What We Do
"Seeing the children’s imagination, skills and teamwork growing throughout this experience has been delightful."
Mrs Lim, Head of Art, Unicorn School, Richmond
On the first morning we introduce the story to the 70-500 participating children. The story is usually a World Creation Myth – Mayan, Aboriginal, Chinese, West African, Egyptian to name a few. We also introduce the children to puppetry and we ask them what they have to do to meet the challenge of making a huge show with all of them in it in just a few days.
We then spend the required days making the puppets, approximately 60 puppets a day. These can be any creature ranging from crabs to giraffes or moles to kangaroos. Whatever they are, they are always splendid. Whilst the children are making their own puppets we prepare some bigger creations for them to work on such as Nyame the Sky God or Quetzacoatl the Feathered Serpent or a school of dolphins or a train of elephants.
Meanwhile back in their classrooms there are many related activities that can be pursued. Often, the school becomes adorned with posters and programmes prepared, storyboards worked on and invites are hand-made. Sometimes schools build their programme for half term around the themes or culture inherent tin the story we have selected together. When the puppets are all made, it takes a day or two to put the whole show together. This depends on the size of the cast and the scope of the production.

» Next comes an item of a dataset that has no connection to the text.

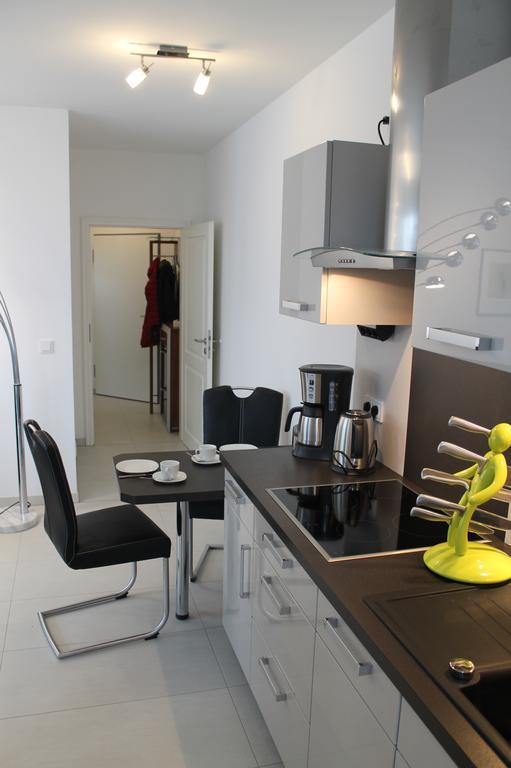 Ferienwohnung Moewennest Goehren  Exteriér fotografie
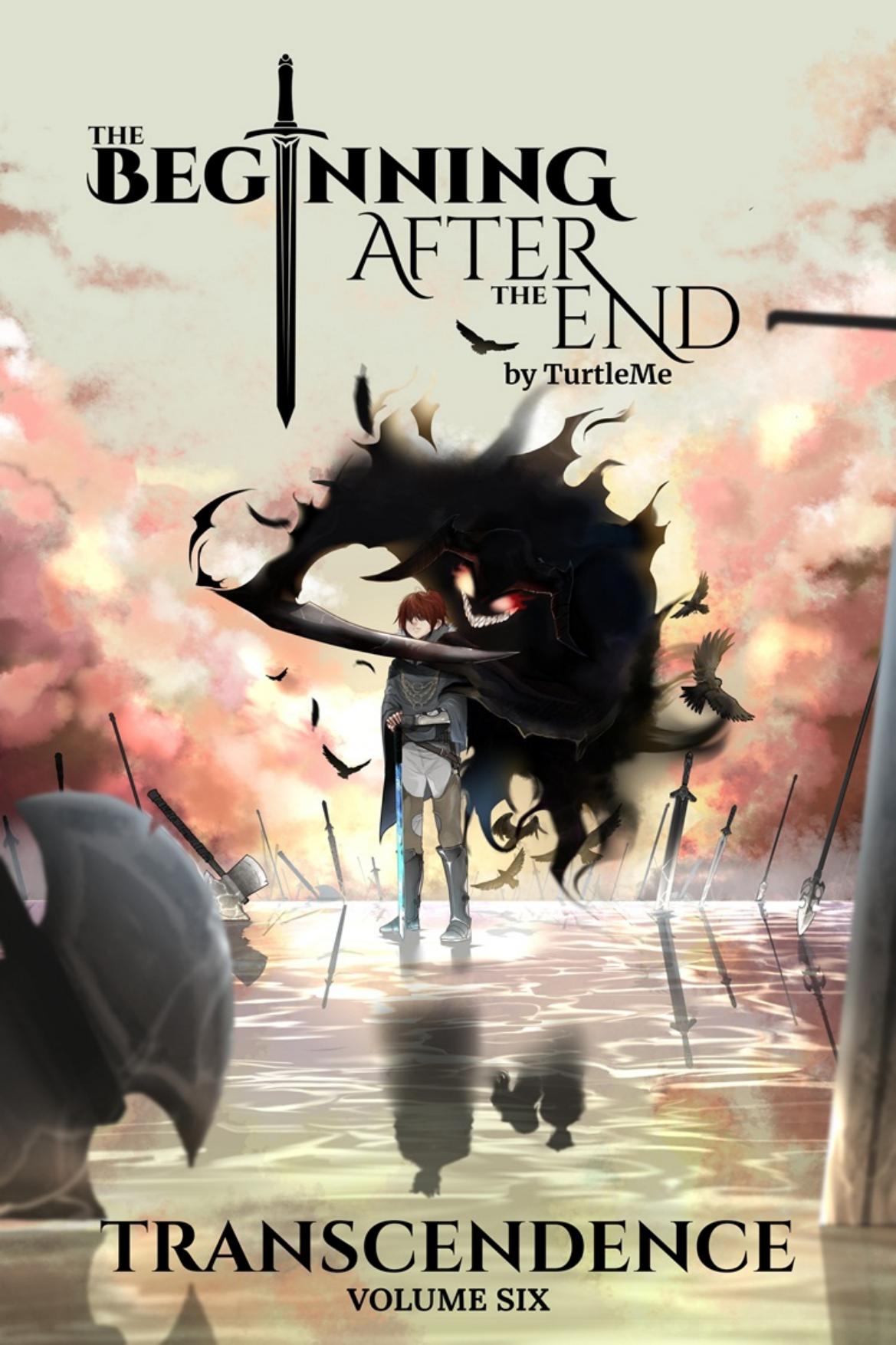 The Beginning After The End Transcendence Turtleme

We all gather, as we did at the outset on the first day, but this time there is puppet for each student plus the giant puppets. In this session we map the show, share achievements and narrator/writers are self-elected. Across the day the narration is prepared and each puppet group devises and rehearses their parts. In the evening we complete work on the script and the soundtrack. And all is ready to roll halfway through the next morning.

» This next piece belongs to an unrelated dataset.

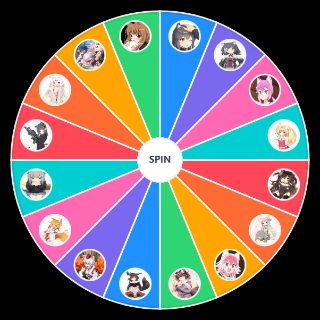 Choose a Random anime wolf girls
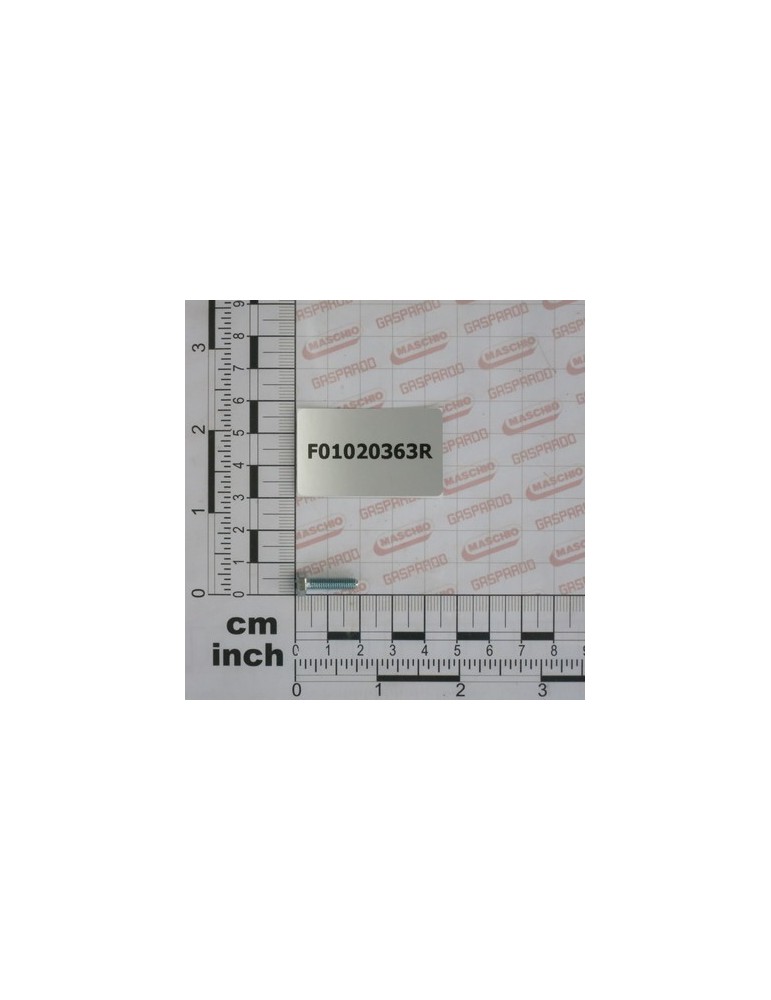 SCR. M4X0,7X16    U5739  8.8ZN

Our residency finishes with a day of performance of a massive, spectacular show by a cast of 100, 200 or however many students are involved - all performing to invited audiences of other children and parents. The performances invariably exceed expectations. And that is what they are about – not succeeding or failing – but exceeding.
This happens through:
- Setting an authentic challenge
- Creating a strong sense of common purpose
- Managing and facilitating an inspiring creative process
- Designing and constructing appropriate high-quality puppets
- Realising a multi-dimensional, spectacular theatrical event…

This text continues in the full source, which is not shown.